START Information given

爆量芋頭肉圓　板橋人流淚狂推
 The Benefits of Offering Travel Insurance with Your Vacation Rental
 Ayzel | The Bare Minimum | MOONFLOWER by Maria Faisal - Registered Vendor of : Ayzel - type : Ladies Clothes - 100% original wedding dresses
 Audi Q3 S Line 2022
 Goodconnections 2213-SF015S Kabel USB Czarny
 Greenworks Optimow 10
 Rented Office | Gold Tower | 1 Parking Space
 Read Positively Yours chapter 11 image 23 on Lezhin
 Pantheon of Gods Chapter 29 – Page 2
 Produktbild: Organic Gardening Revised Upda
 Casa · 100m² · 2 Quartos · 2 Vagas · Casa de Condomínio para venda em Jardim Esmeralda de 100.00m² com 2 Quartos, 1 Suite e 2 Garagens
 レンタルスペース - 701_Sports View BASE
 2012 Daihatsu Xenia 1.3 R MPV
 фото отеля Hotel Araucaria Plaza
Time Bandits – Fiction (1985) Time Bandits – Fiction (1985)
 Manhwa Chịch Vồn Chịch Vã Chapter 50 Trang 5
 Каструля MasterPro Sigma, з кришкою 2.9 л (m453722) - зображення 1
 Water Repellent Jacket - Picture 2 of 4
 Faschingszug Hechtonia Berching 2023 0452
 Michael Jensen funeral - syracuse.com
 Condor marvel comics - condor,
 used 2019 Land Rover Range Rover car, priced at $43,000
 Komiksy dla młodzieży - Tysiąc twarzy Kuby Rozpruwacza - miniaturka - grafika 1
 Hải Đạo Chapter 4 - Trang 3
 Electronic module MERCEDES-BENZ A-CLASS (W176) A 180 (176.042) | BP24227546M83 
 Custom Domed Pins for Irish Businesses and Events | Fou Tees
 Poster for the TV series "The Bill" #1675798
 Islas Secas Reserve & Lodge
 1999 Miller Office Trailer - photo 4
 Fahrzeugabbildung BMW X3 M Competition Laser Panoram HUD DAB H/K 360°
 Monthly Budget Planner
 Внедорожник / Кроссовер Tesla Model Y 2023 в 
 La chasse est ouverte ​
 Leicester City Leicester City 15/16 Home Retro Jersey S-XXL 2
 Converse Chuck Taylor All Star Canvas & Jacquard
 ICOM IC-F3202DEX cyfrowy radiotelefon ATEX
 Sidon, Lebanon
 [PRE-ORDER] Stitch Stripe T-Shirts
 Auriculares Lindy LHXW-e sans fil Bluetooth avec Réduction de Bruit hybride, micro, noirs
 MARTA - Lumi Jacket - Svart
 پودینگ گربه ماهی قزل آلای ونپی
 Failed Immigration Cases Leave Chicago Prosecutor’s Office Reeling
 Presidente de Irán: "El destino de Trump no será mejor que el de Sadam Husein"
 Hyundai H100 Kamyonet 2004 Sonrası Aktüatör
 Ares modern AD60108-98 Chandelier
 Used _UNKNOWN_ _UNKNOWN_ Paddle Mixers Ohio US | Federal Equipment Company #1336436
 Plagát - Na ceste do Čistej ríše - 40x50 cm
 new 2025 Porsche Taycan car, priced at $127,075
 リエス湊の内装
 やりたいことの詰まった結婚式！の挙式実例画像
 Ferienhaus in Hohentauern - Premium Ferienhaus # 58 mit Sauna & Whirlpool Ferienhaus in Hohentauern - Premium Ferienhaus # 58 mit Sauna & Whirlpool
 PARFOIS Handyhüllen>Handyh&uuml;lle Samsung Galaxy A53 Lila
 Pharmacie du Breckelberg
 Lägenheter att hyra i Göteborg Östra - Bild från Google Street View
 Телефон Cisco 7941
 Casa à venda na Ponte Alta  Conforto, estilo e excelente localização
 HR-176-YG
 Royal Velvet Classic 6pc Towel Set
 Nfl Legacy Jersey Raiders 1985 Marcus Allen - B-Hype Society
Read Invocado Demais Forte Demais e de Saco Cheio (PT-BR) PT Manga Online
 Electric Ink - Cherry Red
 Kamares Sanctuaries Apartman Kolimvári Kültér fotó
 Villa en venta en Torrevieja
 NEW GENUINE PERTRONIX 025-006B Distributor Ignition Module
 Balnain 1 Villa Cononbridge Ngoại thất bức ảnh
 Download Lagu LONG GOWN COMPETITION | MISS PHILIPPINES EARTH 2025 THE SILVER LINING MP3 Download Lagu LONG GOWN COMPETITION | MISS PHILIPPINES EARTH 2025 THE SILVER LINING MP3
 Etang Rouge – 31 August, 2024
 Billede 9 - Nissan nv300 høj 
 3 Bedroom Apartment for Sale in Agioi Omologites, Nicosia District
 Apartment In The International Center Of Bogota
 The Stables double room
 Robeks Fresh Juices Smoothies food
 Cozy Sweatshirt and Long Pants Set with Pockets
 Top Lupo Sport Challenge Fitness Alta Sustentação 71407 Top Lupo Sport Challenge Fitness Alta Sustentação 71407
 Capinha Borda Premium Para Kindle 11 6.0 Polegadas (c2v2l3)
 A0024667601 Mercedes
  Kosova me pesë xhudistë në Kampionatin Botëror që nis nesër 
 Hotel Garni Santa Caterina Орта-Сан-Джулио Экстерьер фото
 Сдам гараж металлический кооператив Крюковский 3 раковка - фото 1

END Information given

● Exercise prompt
The word "Trang" is the filter: copy every line of the listing above that contains it.

● Response area
 Manhwa Chịch Vồn Chịch Vã Chapter 50 Trang 5
 Hải Đạo Chapter 4 - Trang 3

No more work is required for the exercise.